* **What the exercise asks**: Could you retype only the lines from the one containing "Bague émeraude de" through the final line of the entries, both included, skipping any images?

[Image-text web data]
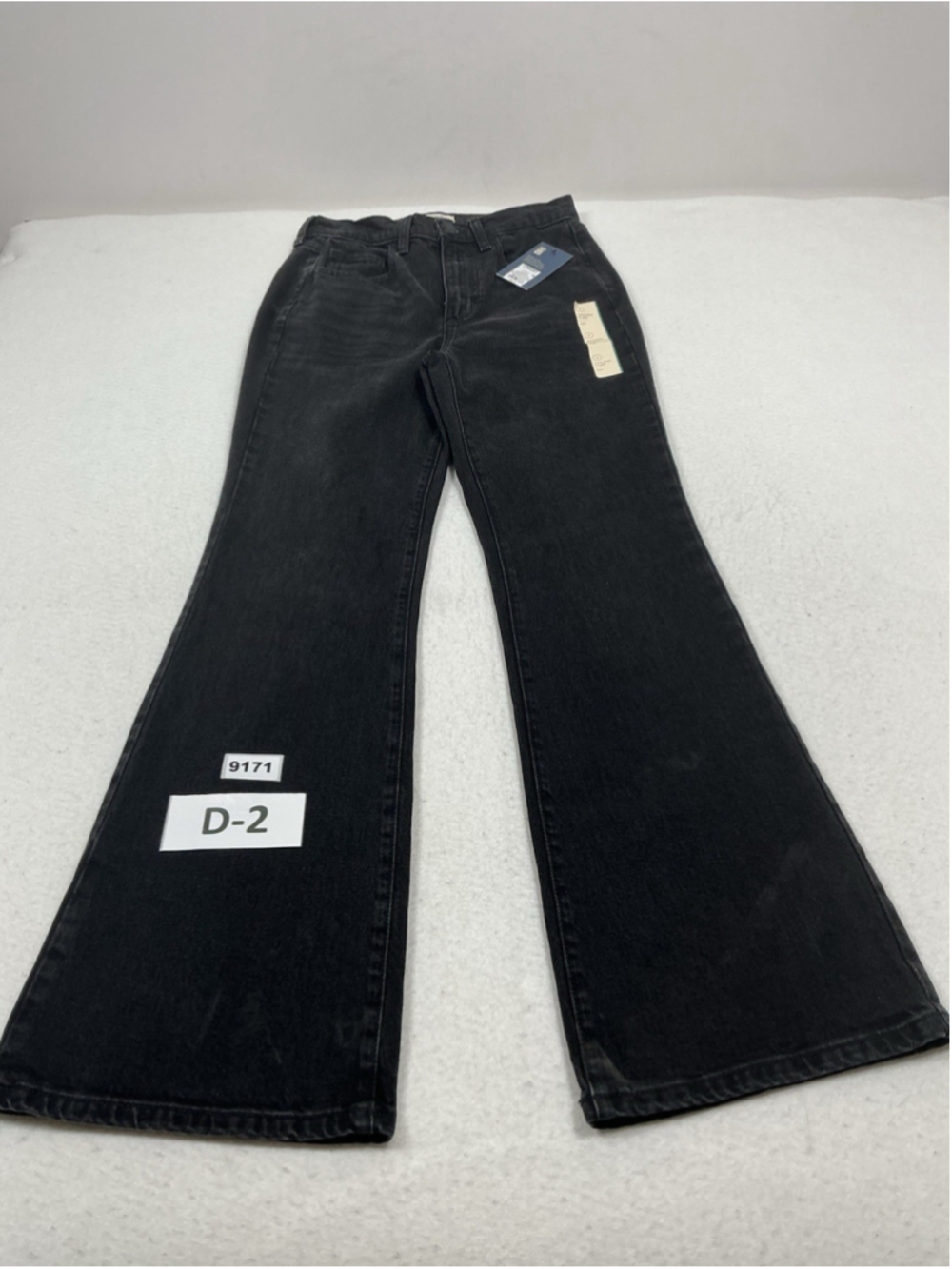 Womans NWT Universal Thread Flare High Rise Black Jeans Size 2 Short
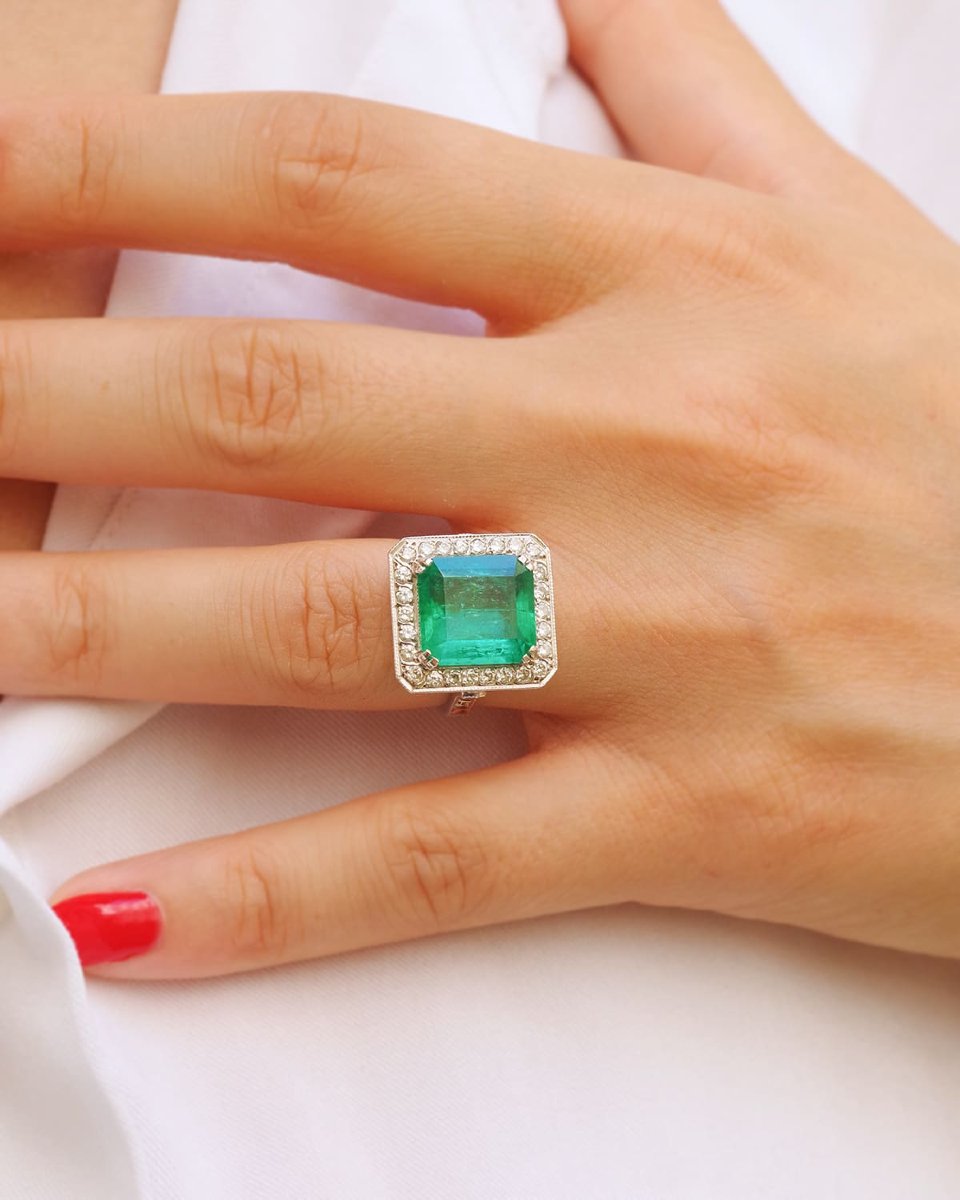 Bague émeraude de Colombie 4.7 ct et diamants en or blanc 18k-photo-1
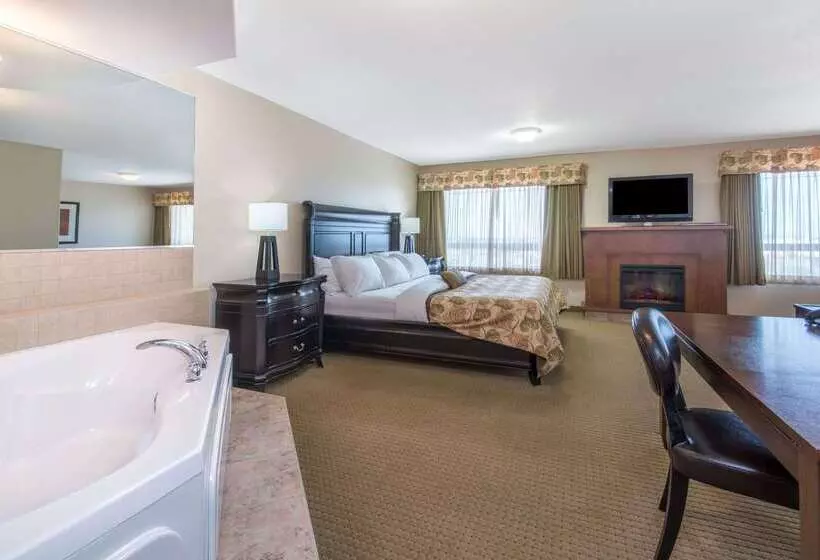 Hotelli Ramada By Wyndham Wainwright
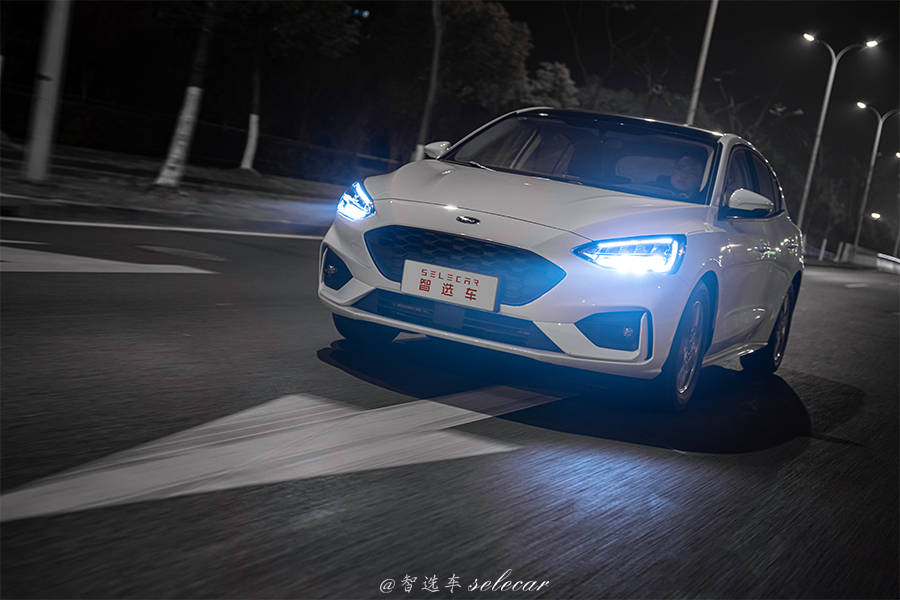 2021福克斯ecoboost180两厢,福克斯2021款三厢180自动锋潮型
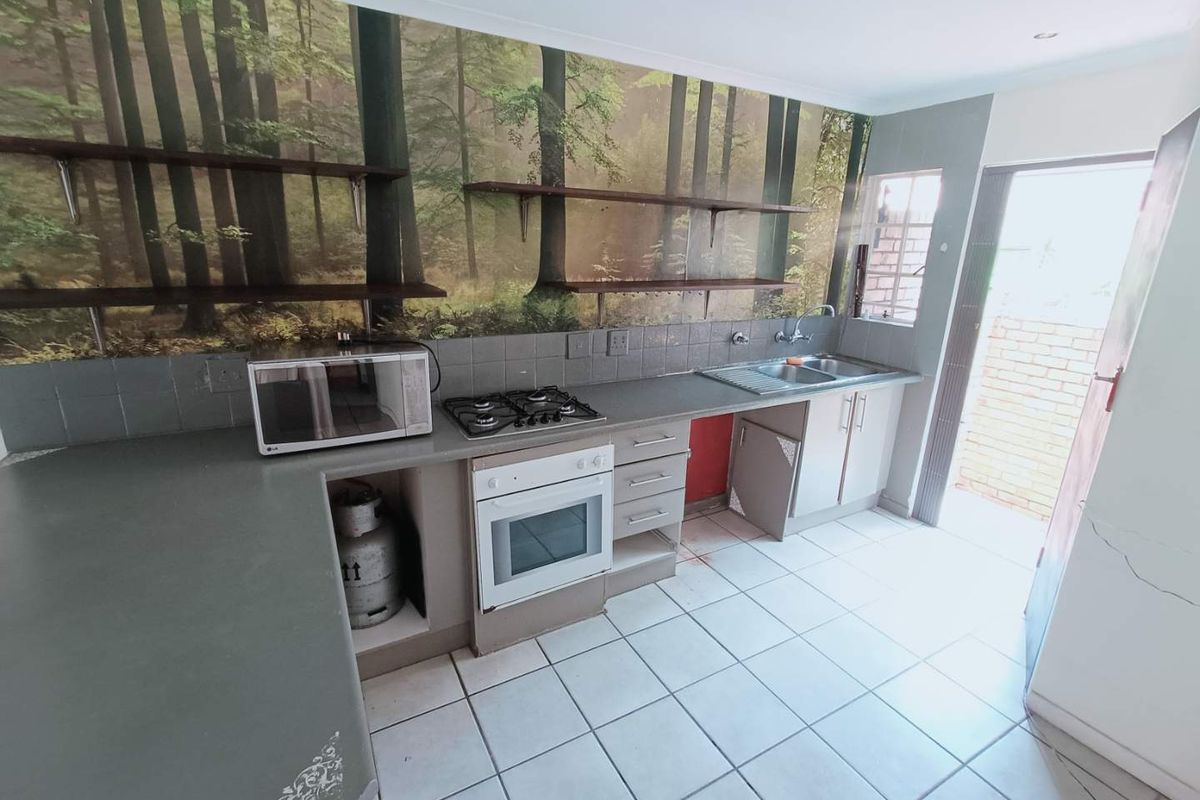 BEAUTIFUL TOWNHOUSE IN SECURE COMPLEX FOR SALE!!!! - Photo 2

* **Result for this exercise**:
 Bague émeraude de Colombie 4.7 ct et diamants en or blanc 18k-photo-1
 Hotelli Ramada By Wyndham Wainwright
 2021福克斯ecoboost180两厢,福克斯2021款三厢180自动锋潮型
 BEAUTIFUL TOWNHOUSE IN SECURE COMPLEX FOR SALE!!!! - Photo 2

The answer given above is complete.